Foto 7

Dr. Gianpaolo Coro, Istituto di Scienza e Tecnologie dell’Informazione “A. Faedo” (ISTI) - CNR- Italy, "Big Data Analytics: Marine Data as a Case Study", 6-9 May 2025

Hours:
16 hours (4 credits)

Room:

Aula Riunioni del Dipartimento di Ingegneria dell’Informazione, Via G. Caruso 16, Pisa - Ground Floor

To register to the course, click here

Short Abstract:

In this course, practical methodologies for marine data analysis and modelling will be presented.

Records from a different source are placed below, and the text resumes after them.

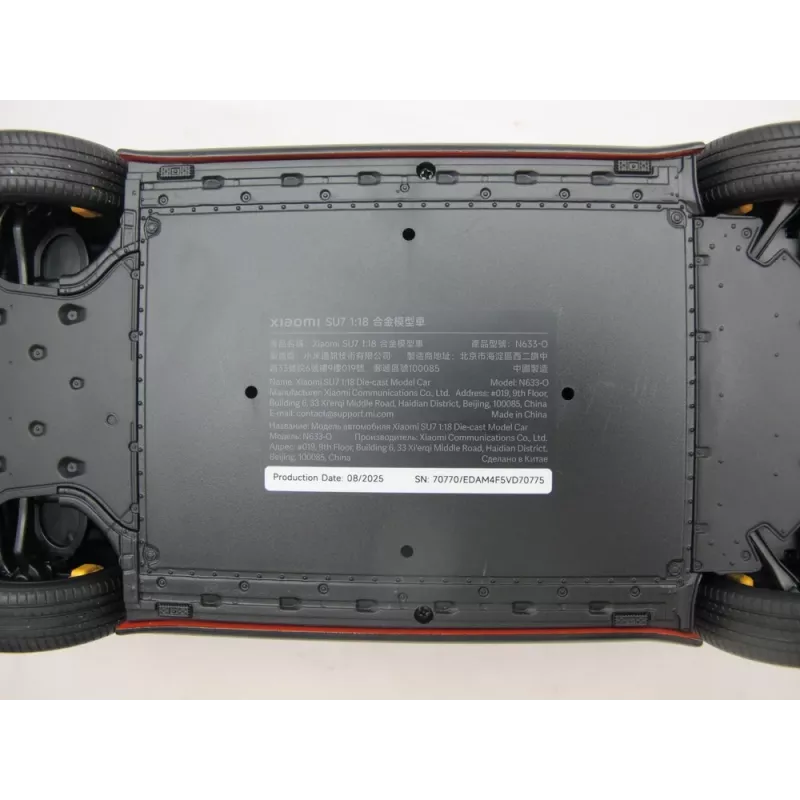 Lieto modelio automobilis Xiaomi SU7 1:18 masteliu, surinktas, W278×D108×H81,5 mm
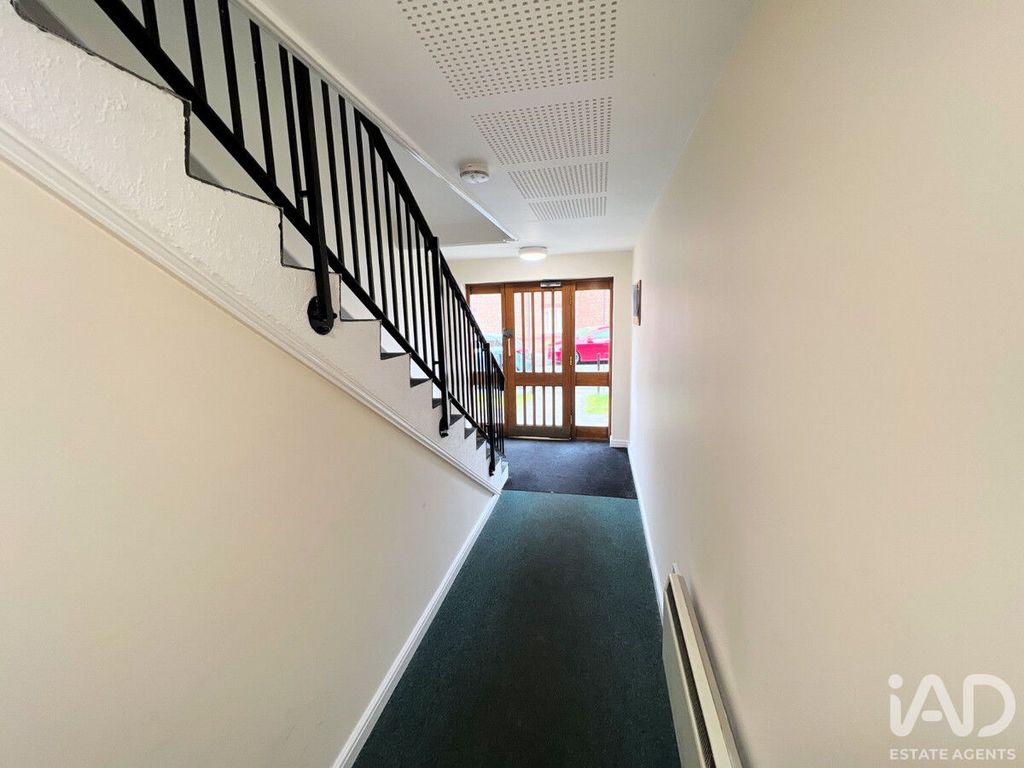 Property photo 2 of 7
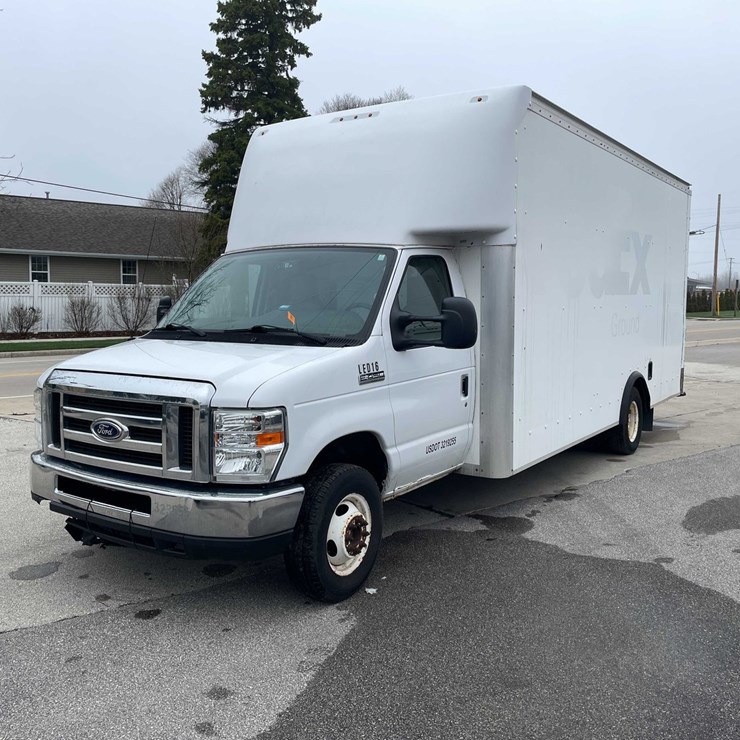 2017 FORD E450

The course will cover specific classes of problems in marine science and their corresponding solutions, adopting state-of-the-art computer science technologies and methodologies. The explained techniques will include:

  1. Unsupervised approaches to discover patterns of habitat change and predict fishing vessel activity patterns: Principal Component Analysis and Maximum Entropy for feature selection; KMeans, XMeans, DBScan, and Local Outlier Factor cluster analysis; Singular Spectrum Analysis for time series forecasting;
  2. Supervised approaches for species distribution prediction and invasive species monitoring: Feed-Forward Artificial Neural Networks, Support Vector Machines, AquaMaps, Maximum Entropy;
  3. Bayesian models to predict fish stock availability in specific fishing areas; 

These methods will be applied to marine data such as vessel transmitted data, species observation records, and catch and vessel time series that fall into the Big Data category. These data are crucial to safeguard food availability and economic welfare, which are fundamental to human life. For example, predicting the impact of climate change on species habitat distribution contributes to avoiding economic and biodiversity collapse due to sudden ecosystem change. Likewise, monitoring the effect of overfishing on fish stocks and marine biodiversity prevents ecosystem and economic collapse.

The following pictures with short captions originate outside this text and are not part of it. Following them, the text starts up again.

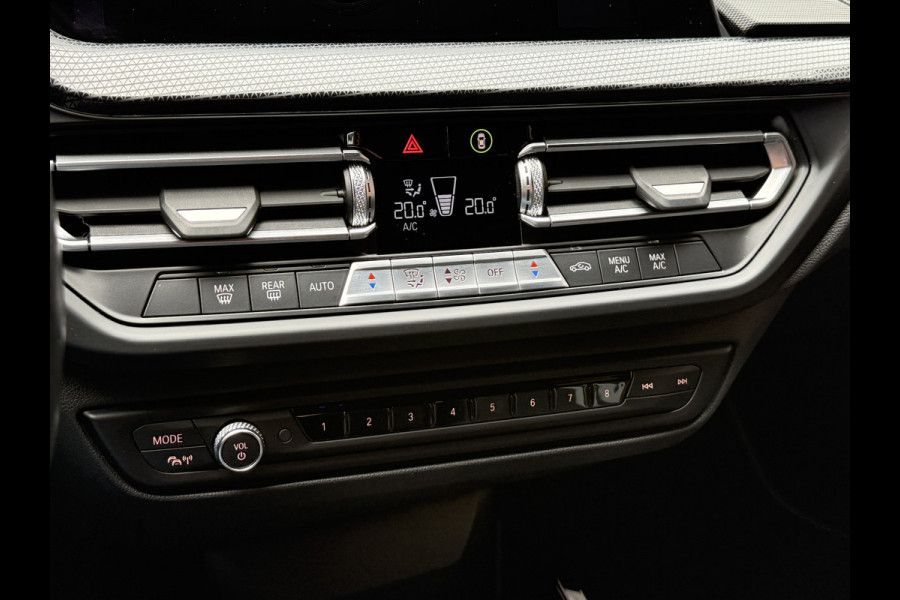 BMW 1-serie 116i Business Edition | Apple Carplay | Navi | Origineel NL | Dealeronderhouden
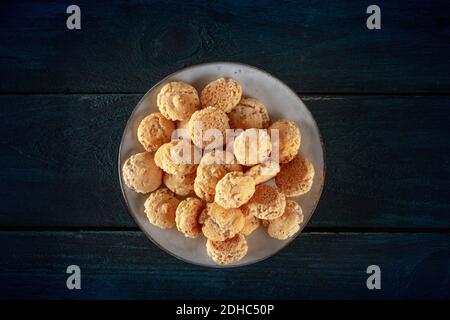 Amaretti, biscotti tradizionali italiani alle mandorle, sparati dall'alto Foto Stock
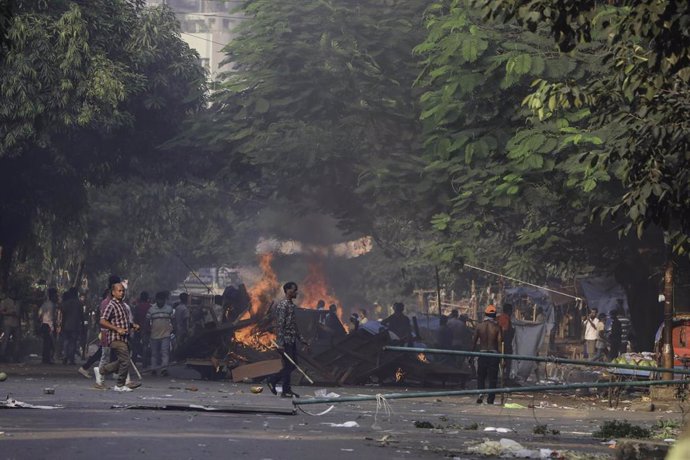 Enfrentamiento entre la Policía y militantes del PNB, durante una manifestación antigubernamental en Daca (Bangladesh).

The explained techniques will address real use cases of the United Nations (FAO, UNESCO, UNEP, and others) for marine food and ecosystem safety and illustrate the new lines of research in this context. They are also general enough to be applied to Big Data of other domains. The analysed data have indeed general characteristics of Big Data such as constantly incrementing volume, vast heterogeneity and complexity, and unreliable content. For this reason, the methodologies will be illustrated in the context of the Open Science paradigm, characterized by the repeatability, reproducibility, and cross-domain reuse of all experimental phases.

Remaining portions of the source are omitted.